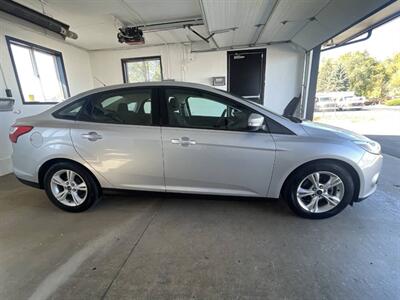 2014 Ford Focus SE   - Photo 4 - East Dundee, IL 60118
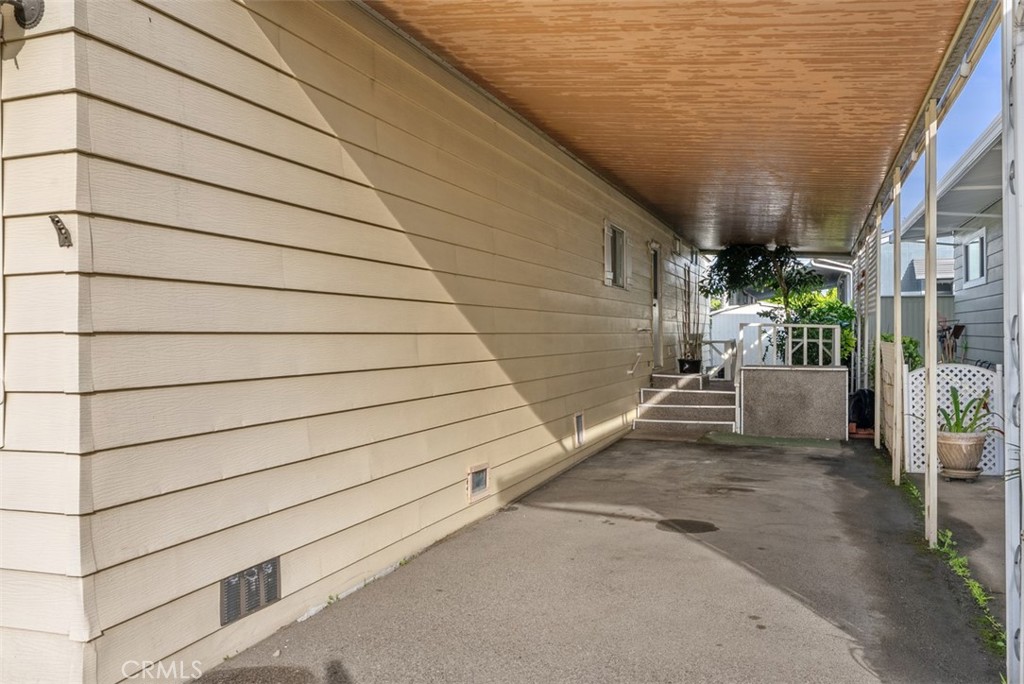 MLS #OC25276409 image #2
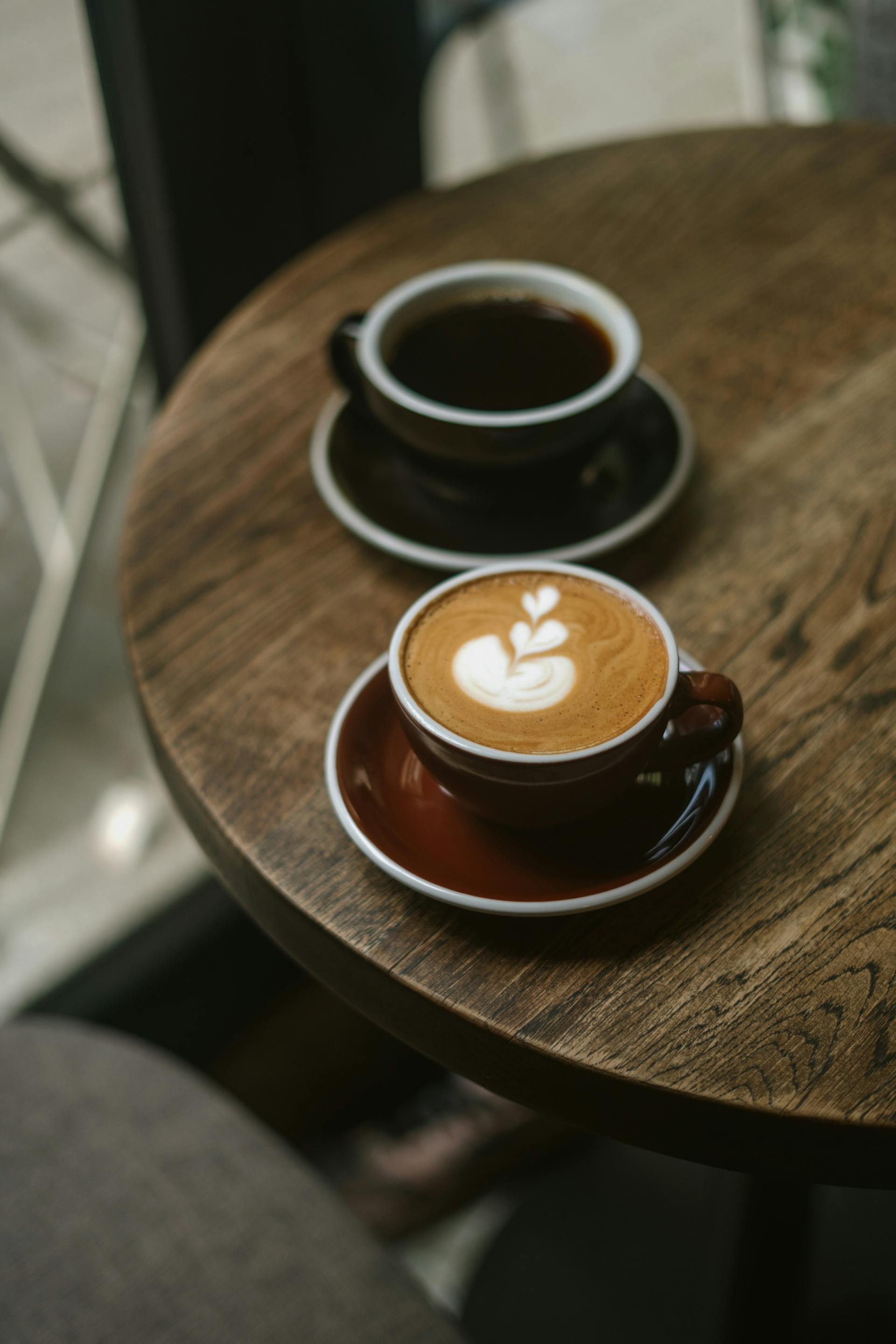 Una foto que muestra dos tazas de café sobre una mesa | Fuente: Pexels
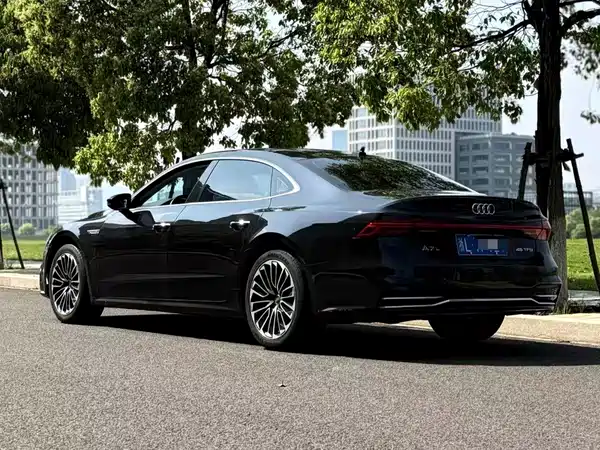 Audi A7L 2024, фото 2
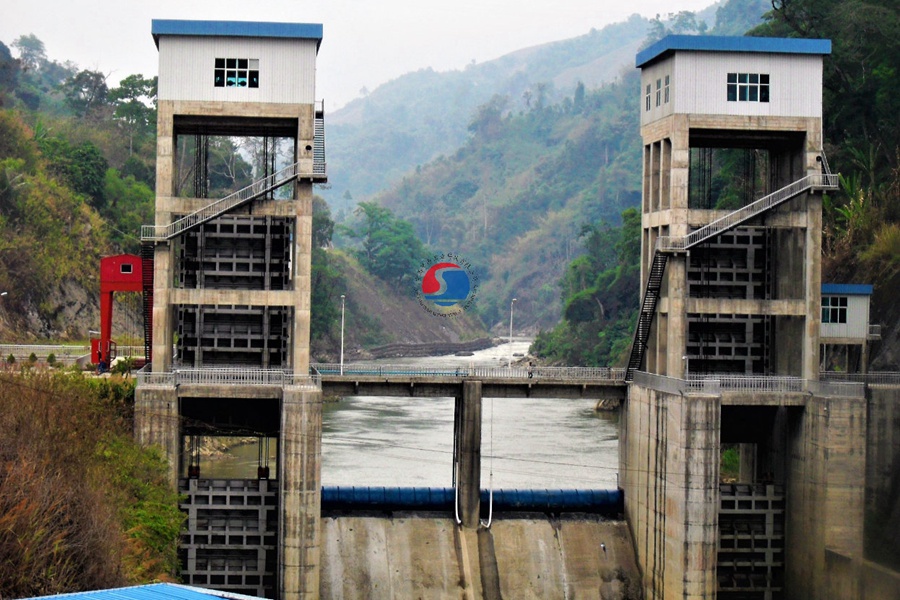 坝长20m，坝高2m，枕式充水橡胶坝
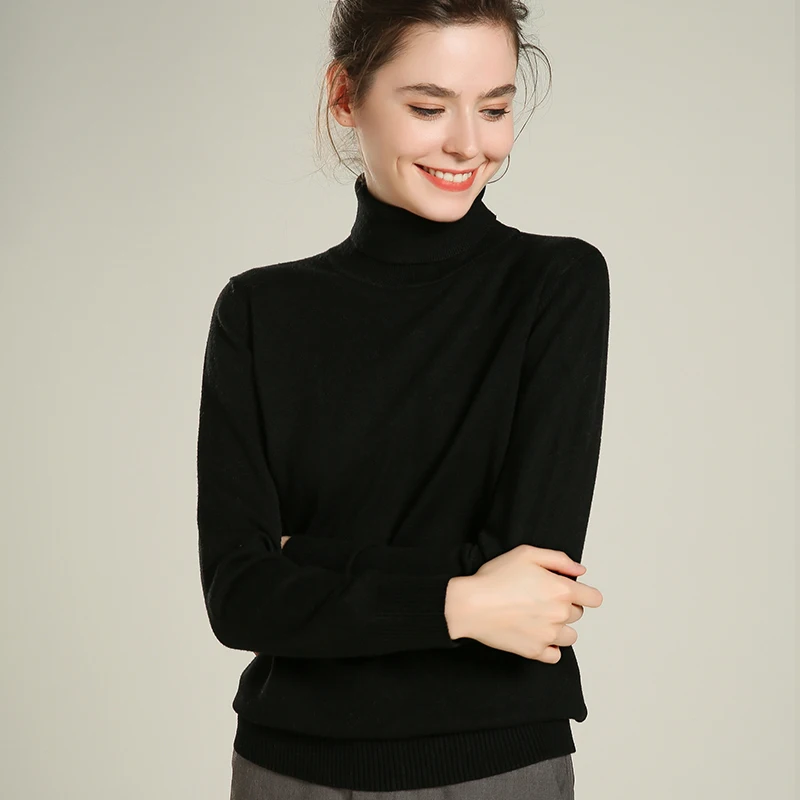 Spring and Autumn Ms. Monochrome Slim Sweater is soft and comfortable with a large variety of colors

Prompt
Give back the material above exactly as it appears, minus the pictures.

Exercise result
 2014 Ford Focus SE   - Photo 4 - East Dundee, IL 60118
 MLS #OC25276409 image #2
 Una foto que muestra dos tazas de café sobre una mesa | Fuente: Pexels
 Audi A7L 2024, фото 2
 坝长20m，坝高2m，枕式充水橡胶坝
 Spring and Autumn Ms. Monochrome Slim Sweater is soft and comfortable with a large variety of colors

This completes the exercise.